With over one million Spotify streams and counting, Rusty continues to establish his brand of county rock. Recorded in Nashville and produced by Brad Hill, Delivery Man utilises Rusty’s pliant vocal style and equally accommodating songwriting techniques to create an assortment of tracks that veer from one end of the country spectrum to the other.

The new single from this set is the title track, which features another of Rusty’s characteristic narratives, allowing us a glimpse into the intrepidness and vulnerability of urban life as a modern-day survivor. But the EP reveals a lot more than classic country imagery and textbook musical sensibilities, perhaps most evident in tracks like Over The Pass and Open Sky.

A more self-reflective approach, as heard in the tracks Gold On The Horizon and We Know Too Much is what might endear the listener—the initiated and the newbie. For example, the candid nature of We Know Too Much, along with its stripped-back production, can entice by its appeal to common sense, logic, and emotional rawness. Coaxed on by a relaxed vocal performance and lush but unfurled instrumentation, the song’s critical line, ‘we know too much to feel that young again’, seems like a summation of the EP’s pulse: a light, legitimate romanticism ever-present amid the depictions of promised lands, pilgrims, and six-packs.

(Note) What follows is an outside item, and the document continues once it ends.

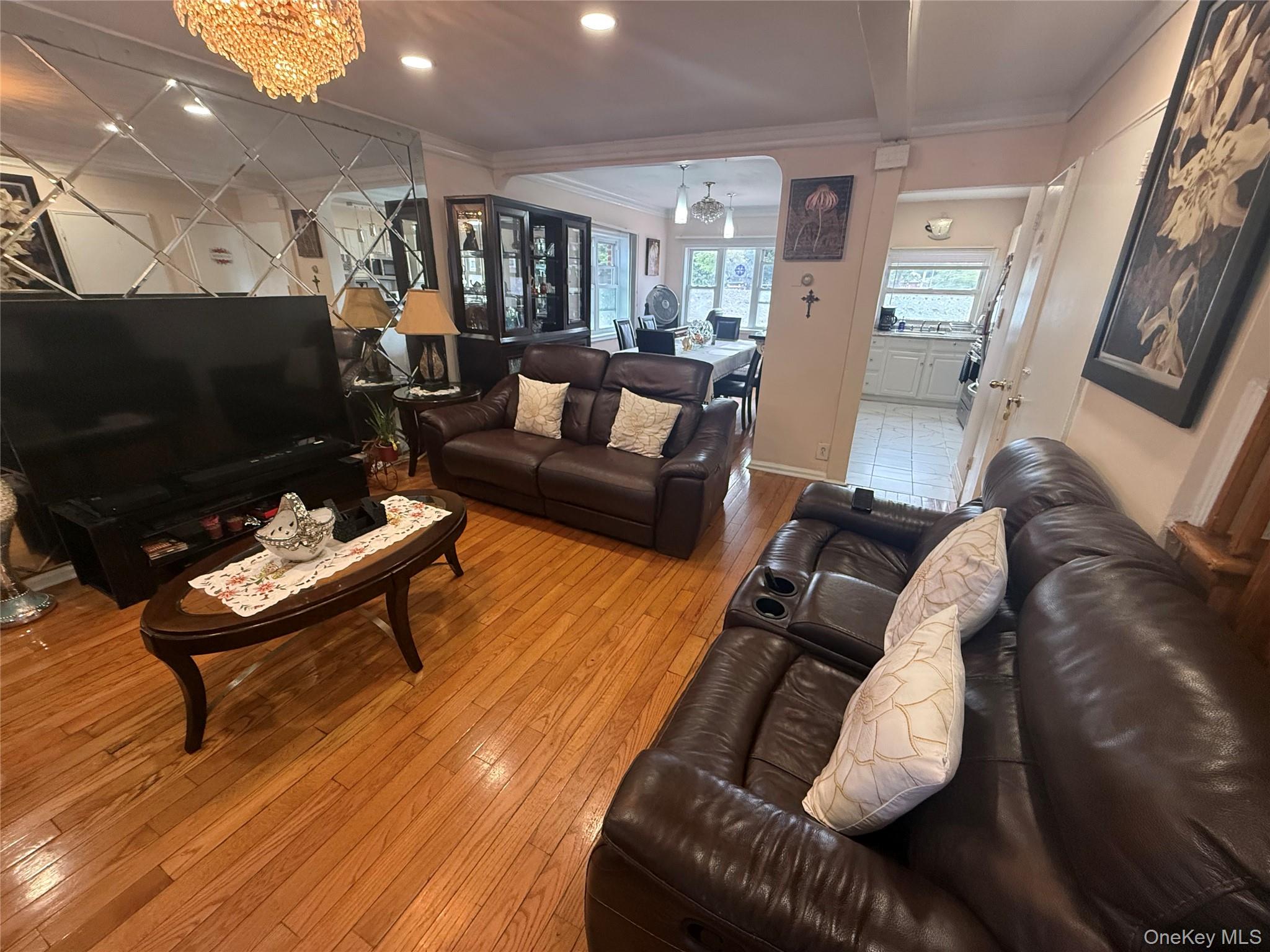 2434 87th Street Property Photo 16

These two sides are, of course, not necessarily at odds; the contrast makes for a record that is well-tempered and disparate enough as far as groove, production, and performances are concerned. The songs contain traces of pure country, country pop and dashes of blues-rock that imbue most of them with an edge that is not so dominant that it subtracts from the main focus, which one can safely assume is the songwriting.